Darbe tehditleri de nereden çıktı?
Zengin fakir, güçlü zayıf ayırt etmeden 250 binden fazla can alan ve bütün dünyayı fakirleştirmeye, ürkütmeye devam eden salgın devam ederken, alttan alta işgal, sömürü, zulüm, talan, fitne ve fesat da hız kesmeden devam ediyor. Mesela darbe, virüsün yol açtığı bu kadar büyük bir trajediye rağmen birilerinin rüyasından hiç çıkmıyor.
ABD, 70 bin vatandaşını kaybetmesine rağmen, dünyada en iyi yaptığı şeyde ısrar ediyor ve daha iki gün önce Venezuella’da yine darbe deniyor, başaramıyor.
Körfezin müzmin bedevileri at sinekleri gibi, dünyanın ve dolayısıyla kendilerinin de başındaki belayı umursamadan başta Katar ve Libya olmak üzere nerede bir ihtilal/kalkışma zemini varsa oraya yapışıyorlar.

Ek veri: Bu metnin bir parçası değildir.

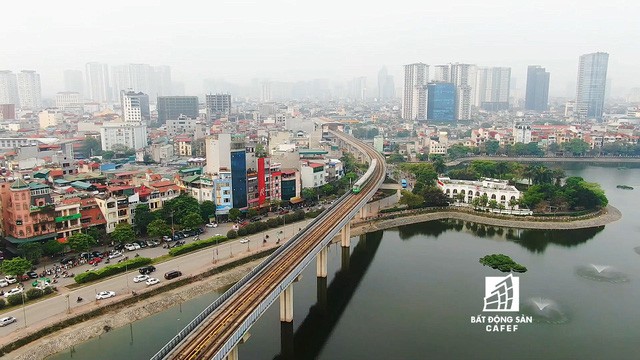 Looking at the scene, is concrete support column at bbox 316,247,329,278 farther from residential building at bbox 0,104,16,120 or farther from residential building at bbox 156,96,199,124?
residential building at bbox 0,104,16,120

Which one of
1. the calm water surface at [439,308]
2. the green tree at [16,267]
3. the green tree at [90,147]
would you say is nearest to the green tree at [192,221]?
the calm water surface at [439,308]

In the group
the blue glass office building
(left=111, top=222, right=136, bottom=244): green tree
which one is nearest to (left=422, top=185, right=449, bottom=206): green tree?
(left=111, top=222, right=136, bottom=244): green tree

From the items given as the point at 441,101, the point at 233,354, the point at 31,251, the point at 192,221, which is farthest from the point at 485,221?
the point at 441,101

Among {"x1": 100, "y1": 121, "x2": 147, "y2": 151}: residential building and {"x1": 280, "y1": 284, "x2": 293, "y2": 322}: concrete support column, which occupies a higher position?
{"x1": 100, "y1": 121, "x2": 147, "y2": 151}: residential building

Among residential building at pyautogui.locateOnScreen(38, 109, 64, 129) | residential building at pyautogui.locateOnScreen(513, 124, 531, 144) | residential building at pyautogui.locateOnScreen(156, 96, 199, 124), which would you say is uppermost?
residential building at pyautogui.locateOnScreen(156, 96, 199, 124)

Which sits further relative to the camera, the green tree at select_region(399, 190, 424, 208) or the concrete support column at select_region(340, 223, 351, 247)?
the green tree at select_region(399, 190, 424, 208)

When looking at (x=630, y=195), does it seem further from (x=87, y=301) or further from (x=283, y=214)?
(x=87, y=301)

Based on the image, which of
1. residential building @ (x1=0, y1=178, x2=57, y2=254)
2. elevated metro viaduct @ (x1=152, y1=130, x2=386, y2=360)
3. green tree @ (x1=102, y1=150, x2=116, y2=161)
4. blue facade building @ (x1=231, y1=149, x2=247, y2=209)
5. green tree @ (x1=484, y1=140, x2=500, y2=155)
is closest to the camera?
elevated metro viaduct @ (x1=152, y1=130, x2=386, y2=360) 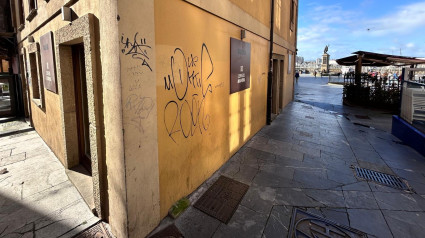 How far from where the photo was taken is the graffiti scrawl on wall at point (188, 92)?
3053 mm

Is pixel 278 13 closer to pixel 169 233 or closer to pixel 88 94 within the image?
pixel 88 94

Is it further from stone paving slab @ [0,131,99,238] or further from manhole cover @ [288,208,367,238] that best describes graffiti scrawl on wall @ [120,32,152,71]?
manhole cover @ [288,208,367,238]

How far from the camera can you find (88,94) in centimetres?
279

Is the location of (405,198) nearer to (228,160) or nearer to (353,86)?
(228,160)

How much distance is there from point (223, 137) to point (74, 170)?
9.88ft

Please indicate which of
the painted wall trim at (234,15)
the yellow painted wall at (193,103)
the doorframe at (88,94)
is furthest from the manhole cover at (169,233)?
the painted wall trim at (234,15)

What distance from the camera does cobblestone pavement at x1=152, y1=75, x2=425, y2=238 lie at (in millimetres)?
2988

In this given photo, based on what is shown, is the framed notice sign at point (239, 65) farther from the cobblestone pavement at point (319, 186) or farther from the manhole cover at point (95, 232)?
the manhole cover at point (95, 232)

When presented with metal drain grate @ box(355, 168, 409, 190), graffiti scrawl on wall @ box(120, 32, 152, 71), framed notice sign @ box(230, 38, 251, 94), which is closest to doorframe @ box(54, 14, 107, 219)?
graffiti scrawl on wall @ box(120, 32, 152, 71)

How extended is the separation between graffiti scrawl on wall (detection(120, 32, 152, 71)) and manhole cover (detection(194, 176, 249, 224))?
219 centimetres

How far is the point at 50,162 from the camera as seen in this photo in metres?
4.88

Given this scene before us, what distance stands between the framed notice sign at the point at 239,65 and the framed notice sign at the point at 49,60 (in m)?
3.46

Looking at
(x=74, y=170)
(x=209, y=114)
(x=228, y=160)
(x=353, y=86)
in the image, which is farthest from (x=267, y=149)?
(x=353, y=86)

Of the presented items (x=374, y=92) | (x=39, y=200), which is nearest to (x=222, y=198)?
(x=39, y=200) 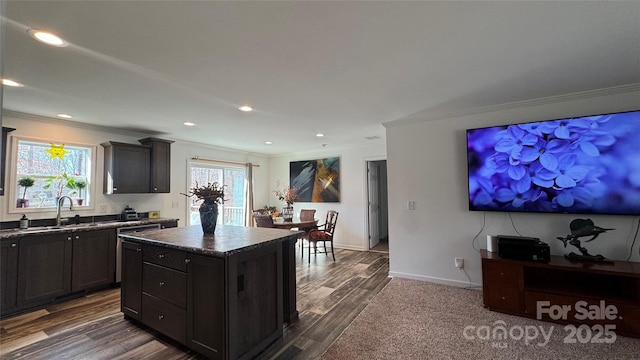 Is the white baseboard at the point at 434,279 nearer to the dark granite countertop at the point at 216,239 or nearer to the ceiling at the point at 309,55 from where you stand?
the dark granite countertop at the point at 216,239

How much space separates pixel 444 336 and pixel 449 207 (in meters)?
1.65

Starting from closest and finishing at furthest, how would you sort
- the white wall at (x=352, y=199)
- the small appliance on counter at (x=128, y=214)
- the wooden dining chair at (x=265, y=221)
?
the small appliance on counter at (x=128, y=214)
the wooden dining chair at (x=265, y=221)
the white wall at (x=352, y=199)

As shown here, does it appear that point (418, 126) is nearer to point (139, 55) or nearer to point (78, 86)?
point (139, 55)

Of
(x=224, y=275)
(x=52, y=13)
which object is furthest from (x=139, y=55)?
(x=224, y=275)

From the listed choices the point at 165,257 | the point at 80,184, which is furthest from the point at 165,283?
the point at 80,184

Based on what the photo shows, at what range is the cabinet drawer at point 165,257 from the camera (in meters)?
2.32

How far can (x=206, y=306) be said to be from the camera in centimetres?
216

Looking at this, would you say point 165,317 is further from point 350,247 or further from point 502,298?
point 350,247

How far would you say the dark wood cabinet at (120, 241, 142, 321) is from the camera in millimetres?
2682

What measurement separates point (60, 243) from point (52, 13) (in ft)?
9.11

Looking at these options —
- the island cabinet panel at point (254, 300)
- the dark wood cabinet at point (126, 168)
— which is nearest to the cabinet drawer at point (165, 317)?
the island cabinet panel at point (254, 300)

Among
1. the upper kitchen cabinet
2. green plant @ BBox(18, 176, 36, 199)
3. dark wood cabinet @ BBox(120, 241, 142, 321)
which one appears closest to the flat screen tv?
dark wood cabinet @ BBox(120, 241, 142, 321)

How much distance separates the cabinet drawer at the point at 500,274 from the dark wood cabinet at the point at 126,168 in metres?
4.74

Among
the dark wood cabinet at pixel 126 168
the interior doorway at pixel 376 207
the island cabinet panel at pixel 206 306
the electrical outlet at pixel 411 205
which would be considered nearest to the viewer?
the island cabinet panel at pixel 206 306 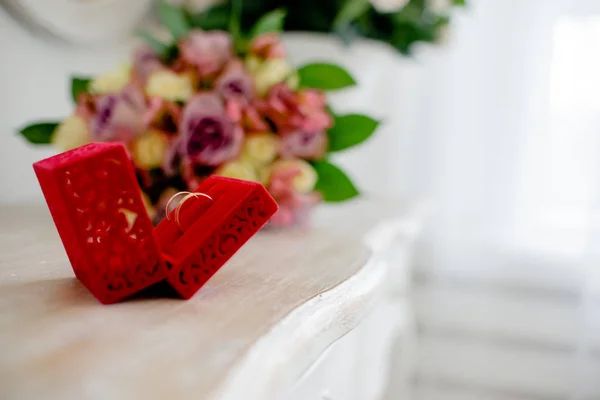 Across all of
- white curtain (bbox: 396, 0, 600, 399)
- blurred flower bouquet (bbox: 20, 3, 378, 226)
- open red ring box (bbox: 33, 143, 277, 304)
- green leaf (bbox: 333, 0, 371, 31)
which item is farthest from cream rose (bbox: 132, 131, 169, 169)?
white curtain (bbox: 396, 0, 600, 399)

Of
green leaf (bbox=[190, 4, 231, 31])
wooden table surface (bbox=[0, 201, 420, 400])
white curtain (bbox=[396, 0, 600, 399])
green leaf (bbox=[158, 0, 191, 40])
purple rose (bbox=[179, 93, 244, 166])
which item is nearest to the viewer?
wooden table surface (bbox=[0, 201, 420, 400])

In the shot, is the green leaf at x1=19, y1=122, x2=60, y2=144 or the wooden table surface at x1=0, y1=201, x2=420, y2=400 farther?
the green leaf at x1=19, y1=122, x2=60, y2=144

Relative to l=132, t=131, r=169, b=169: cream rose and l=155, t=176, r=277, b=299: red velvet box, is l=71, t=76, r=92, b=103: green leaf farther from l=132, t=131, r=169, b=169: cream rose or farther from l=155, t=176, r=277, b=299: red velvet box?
l=155, t=176, r=277, b=299: red velvet box

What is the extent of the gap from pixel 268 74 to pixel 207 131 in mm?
101

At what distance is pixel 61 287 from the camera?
38cm

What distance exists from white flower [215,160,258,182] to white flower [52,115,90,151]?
14cm

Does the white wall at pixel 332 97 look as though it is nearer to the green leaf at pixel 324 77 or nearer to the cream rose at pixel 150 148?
the green leaf at pixel 324 77

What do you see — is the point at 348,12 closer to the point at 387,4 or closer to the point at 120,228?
the point at 387,4

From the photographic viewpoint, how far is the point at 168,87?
60cm

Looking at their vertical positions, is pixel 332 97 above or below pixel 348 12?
below

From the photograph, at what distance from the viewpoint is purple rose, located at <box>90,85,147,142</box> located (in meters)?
Result: 0.59

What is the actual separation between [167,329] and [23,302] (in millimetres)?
95

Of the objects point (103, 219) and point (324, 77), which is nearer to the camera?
point (103, 219)

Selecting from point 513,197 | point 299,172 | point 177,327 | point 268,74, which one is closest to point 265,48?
point 268,74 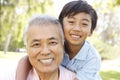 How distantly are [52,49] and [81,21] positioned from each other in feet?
1.18

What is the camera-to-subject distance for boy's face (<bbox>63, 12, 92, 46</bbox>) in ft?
7.22

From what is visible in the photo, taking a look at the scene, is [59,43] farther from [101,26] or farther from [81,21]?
[101,26]

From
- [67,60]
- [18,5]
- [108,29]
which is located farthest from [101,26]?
[67,60]

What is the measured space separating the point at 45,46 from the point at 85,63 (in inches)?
17.7

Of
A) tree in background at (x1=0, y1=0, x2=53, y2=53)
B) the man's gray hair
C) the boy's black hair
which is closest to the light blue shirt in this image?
the boy's black hair

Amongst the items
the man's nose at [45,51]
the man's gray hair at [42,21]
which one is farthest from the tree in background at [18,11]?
the man's nose at [45,51]

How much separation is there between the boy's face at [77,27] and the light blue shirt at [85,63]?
0.35 feet

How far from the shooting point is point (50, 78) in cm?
216

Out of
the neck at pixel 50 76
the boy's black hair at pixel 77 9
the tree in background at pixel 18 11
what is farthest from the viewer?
the tree in background at pixel 18 11

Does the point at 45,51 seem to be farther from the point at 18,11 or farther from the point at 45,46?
the point at 18,11

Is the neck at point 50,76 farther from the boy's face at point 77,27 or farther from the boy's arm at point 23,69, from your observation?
the boy's face at point 77,27

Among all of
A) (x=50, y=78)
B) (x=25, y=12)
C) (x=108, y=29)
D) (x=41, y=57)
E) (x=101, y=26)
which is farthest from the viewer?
(x=108, y=29)

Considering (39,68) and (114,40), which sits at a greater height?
(39,68)

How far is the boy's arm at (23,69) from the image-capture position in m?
2.17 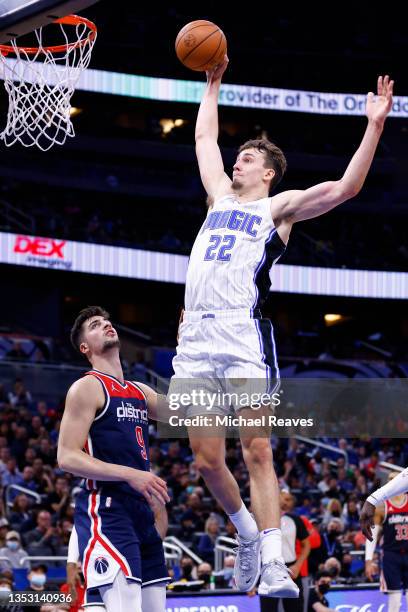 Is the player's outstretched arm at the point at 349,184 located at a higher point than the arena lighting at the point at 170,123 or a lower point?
lower

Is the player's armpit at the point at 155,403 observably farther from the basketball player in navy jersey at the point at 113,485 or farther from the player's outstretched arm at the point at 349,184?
the player's outstretched arm at the point at 349,184

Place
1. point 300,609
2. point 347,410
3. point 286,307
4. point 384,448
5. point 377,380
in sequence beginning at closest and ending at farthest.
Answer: point 300,609 → point 347,410 → point 384,448 → point 377,380 → point 286,307

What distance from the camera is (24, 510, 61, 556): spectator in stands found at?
1491 cm

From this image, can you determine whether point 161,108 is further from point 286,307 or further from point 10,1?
point 10,1

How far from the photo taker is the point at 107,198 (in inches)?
1373

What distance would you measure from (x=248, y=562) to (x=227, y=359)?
134cm

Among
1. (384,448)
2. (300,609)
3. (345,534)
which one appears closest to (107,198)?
(384,448)

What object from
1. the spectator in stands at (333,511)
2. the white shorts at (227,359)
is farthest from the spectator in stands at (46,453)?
the white shorts at (227,359)

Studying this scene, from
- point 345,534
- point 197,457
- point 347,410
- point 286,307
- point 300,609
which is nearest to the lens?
point 197,457

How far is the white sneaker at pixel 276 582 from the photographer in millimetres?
6133

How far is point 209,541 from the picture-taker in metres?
16.3

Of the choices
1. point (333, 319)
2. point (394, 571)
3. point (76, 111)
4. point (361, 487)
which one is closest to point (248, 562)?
point (394, 571)

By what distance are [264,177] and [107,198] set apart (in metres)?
28.1

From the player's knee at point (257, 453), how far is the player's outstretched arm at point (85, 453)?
0.56 meters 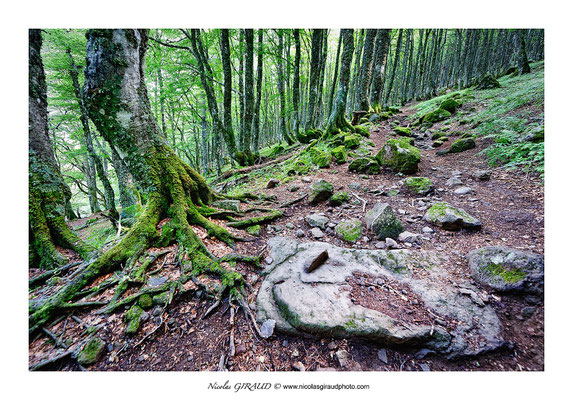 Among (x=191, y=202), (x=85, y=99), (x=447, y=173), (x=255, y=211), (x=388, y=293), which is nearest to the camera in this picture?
(x=388, y=293)

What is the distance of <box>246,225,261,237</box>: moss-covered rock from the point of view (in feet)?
12.4

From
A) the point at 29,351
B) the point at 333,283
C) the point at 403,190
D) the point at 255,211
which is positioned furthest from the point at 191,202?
the point at 403,190

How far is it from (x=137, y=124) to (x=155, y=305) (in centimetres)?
269

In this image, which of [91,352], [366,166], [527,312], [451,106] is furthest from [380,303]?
[451,106]

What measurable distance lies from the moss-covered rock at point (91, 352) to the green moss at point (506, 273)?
13.7 ft

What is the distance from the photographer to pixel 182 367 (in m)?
1.96

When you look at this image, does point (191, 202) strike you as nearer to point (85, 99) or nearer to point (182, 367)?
point (85, 99)

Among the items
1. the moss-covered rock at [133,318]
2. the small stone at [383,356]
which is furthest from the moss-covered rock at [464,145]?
the moss-covered rock at [133,318]

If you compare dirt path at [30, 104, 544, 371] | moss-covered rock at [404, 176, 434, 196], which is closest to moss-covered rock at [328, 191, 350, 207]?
dirt path at [30, 104, 544, 371]

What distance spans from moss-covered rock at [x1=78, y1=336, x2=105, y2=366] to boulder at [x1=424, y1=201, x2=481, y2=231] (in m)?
4.63

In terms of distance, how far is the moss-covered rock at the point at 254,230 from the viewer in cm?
378

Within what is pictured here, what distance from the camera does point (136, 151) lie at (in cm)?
323

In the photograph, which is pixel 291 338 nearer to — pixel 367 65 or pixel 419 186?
pixel 419 186

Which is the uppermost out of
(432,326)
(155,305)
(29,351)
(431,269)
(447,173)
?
(447,173) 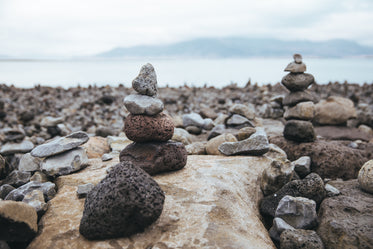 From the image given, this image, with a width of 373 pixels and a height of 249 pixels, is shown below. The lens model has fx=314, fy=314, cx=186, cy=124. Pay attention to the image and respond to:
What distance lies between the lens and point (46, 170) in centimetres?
486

Ve bol darbeli geçmişiyle Türkiye’de de insanların hastalanması, ölmesi, fakirleşmesi malum çevreleri hiç enterese etmiyor. On binlerce insan yakalandığı illetle kıvranıyor, binlerce işyeri kapanıyor, yüz binlerce insan işinden aşından oluyor, çoluk çocuğuyla yarına güvenle nasıl ulaşacağının düşüncesinde ama bunların umurunda değil.
Bunlar bir şekilde iktidara gelseler bile alışkanlıkları devam eder ve bu defa da birbirlerine darbe yaparlar. Çünkü bunlar için devrimcilik, ulaşılacak nihaî nokta değil, son nefese kadar her zaman ve zeminde gerçekliğini arayan bir yaşam şeklidir.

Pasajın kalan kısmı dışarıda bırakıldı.